Your assignment:
Starting at the line that holds "New Years Eve" and stopping at the line that holds "LayriantaVee online show", restate the records below word for word, with both of those lines included.
#### Dataset excerpts
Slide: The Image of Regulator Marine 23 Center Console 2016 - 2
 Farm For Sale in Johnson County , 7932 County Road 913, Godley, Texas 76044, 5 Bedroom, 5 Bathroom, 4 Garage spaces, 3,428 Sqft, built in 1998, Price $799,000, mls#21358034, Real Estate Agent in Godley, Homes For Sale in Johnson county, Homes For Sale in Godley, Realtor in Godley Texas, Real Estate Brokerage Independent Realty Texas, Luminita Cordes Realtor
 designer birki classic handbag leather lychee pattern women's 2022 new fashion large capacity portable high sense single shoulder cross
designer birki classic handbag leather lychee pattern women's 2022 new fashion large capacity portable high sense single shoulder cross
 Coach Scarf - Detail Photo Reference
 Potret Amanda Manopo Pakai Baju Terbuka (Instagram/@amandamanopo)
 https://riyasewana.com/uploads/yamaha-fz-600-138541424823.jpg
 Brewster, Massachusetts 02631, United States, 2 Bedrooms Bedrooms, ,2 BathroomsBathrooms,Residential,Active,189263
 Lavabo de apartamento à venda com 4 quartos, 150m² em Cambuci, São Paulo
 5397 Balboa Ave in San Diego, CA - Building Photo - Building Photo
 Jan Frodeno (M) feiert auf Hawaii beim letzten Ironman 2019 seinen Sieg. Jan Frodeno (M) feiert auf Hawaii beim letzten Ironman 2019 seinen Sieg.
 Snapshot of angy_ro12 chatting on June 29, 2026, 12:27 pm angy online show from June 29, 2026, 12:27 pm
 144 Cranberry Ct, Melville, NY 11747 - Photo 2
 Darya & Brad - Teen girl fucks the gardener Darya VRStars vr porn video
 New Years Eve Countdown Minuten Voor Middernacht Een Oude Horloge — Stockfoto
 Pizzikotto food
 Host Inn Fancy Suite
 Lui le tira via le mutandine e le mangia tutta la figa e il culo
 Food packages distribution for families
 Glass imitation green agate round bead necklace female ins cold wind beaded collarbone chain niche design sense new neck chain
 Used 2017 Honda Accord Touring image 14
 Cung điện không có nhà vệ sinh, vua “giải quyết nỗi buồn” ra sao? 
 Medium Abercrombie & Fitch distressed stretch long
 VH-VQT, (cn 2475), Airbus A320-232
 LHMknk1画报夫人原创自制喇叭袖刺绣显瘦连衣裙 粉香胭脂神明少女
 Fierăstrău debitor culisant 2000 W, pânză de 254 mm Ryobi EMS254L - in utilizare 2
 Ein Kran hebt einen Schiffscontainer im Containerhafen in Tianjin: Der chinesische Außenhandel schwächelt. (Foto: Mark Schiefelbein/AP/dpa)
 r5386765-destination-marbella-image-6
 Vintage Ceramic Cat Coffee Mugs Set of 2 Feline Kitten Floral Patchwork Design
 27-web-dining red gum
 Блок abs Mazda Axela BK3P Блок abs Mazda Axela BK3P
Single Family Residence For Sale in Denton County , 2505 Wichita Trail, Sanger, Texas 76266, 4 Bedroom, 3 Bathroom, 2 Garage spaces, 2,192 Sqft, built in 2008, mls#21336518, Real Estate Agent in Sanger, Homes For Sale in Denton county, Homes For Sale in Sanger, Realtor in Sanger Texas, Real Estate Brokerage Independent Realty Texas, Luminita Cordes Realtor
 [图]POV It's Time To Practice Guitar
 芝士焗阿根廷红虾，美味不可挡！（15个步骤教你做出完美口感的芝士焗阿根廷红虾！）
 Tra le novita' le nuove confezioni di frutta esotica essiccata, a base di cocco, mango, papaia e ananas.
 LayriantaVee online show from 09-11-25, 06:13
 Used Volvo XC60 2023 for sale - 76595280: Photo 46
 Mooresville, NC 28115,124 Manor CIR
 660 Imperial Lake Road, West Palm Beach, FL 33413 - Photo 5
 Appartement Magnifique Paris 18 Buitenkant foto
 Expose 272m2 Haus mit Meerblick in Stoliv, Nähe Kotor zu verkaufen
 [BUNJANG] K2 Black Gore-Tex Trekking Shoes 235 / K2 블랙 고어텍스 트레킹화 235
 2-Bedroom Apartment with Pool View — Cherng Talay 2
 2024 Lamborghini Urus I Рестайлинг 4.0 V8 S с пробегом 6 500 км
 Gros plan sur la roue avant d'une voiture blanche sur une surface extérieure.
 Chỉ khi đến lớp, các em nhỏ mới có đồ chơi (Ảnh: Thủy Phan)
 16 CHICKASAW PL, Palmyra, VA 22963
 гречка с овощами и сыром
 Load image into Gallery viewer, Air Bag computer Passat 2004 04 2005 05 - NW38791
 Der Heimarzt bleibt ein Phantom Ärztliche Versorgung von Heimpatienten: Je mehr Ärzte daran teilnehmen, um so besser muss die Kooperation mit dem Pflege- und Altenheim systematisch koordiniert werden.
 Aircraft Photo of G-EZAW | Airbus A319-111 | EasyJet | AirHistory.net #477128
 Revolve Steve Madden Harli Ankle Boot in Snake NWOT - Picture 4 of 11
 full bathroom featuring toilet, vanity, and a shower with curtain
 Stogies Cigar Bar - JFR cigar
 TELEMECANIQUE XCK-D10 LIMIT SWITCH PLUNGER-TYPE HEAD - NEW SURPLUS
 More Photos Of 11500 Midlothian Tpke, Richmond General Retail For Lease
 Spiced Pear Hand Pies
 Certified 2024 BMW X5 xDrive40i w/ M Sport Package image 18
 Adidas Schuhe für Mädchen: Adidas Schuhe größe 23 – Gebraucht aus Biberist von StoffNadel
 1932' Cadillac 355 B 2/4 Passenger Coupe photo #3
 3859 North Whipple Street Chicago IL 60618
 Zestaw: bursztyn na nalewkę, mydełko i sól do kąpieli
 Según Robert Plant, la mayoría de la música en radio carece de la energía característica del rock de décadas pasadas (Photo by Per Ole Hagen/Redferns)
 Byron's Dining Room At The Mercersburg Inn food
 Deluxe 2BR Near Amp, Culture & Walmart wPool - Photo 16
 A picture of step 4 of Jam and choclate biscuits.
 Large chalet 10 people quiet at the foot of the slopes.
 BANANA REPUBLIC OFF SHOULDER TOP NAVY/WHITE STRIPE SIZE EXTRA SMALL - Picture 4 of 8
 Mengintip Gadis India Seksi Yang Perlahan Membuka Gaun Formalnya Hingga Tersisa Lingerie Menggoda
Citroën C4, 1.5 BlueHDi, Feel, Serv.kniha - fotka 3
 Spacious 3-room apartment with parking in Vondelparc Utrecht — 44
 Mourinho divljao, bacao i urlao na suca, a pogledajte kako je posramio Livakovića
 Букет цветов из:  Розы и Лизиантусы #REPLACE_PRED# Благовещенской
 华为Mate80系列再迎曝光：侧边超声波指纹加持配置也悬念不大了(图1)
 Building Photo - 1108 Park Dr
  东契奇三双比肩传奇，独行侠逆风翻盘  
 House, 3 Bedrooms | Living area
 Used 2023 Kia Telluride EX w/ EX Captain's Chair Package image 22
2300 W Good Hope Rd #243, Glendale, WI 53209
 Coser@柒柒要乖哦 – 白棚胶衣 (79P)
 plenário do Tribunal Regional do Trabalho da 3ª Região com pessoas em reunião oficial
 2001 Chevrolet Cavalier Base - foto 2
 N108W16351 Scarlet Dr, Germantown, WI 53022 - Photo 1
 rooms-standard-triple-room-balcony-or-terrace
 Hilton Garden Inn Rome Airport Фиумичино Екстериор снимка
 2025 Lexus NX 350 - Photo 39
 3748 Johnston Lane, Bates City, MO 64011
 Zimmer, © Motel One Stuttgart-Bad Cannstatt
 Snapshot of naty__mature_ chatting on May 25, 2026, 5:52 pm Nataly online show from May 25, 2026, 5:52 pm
########
Response below:
 New Years Eve Countdown Minuten Voor Middernacht Een Oude Horloge — Stockfoto
 Pizzikotto food
 Host Inn Fancy Suite
 Lui le tira via le mutandine e le mangia tutta la figa e il culo
 Food packages distribution for families
 Glass imitation green agate round bead necklace female ins cold wind beaded collarbone chain niche design sense new neck chain
 Used 2017 Honda Accord Touring image 14
 Cung điện không có nhà vệ sinh, vua “giải quyết nỗi buồn” ra sao? 
 Medium Abercrombie & Fitch distressed stretch long
 VH-VQT, (cn 2475), Airbus A320-232
 LHMknk1画报夫人原创自制喇叭袖刺绣显瘦连衣裙 粉香胭脂神明少女
 Fierăstrău debitor culisant 2000 W, pânză de 254 mm Ryobi EMS254L - in utilizare 2
 Ein Kran hebt einen Schiffscontainer im Containerhafen in Tianjin: Der chinesische Außenhandel schwächelt. (Foto: Mark Schiefelbein/AP/dpa)
 r5386765-destination-marbella-image-6
 Vintage Ceramic Cat Coffee Mugs Set of 2 Feline Kitten Floral Patchwork Design
 27-web-dining red gum
 Блок abs Mazda Axela BK3P Блок abs Mazda Axela BK3P
Single Family Residence For Sale in Denton County , 2505 Wichita Trail, Sanger, Texas 76266, 4 Bedroom, 3 Bathroom, 2 Garage spaces, 2,192 Sqft, built in 2008, mls#21336518, Real Estate Agent in Sanger, Homes For Sale in Denton county, Homes For Sale in Sanger, Realtor in Sanger Texas, Real Estate Brokerage Independent Realty Texas, Luminita Cordes Realtor
 [图]POV It's Time To Practice Guitar
 芝士焗阿根廷红虾，美味不可挡！（15个步骤教你做出完美口感的芝士焗阿根廷红虾！）
 Tra le novita' le nuove confezioni di frutta esotica essiccata, a base di cocco, mango, papaia e ananas.
 LayriantaVee online show from 09-11-25, 06:13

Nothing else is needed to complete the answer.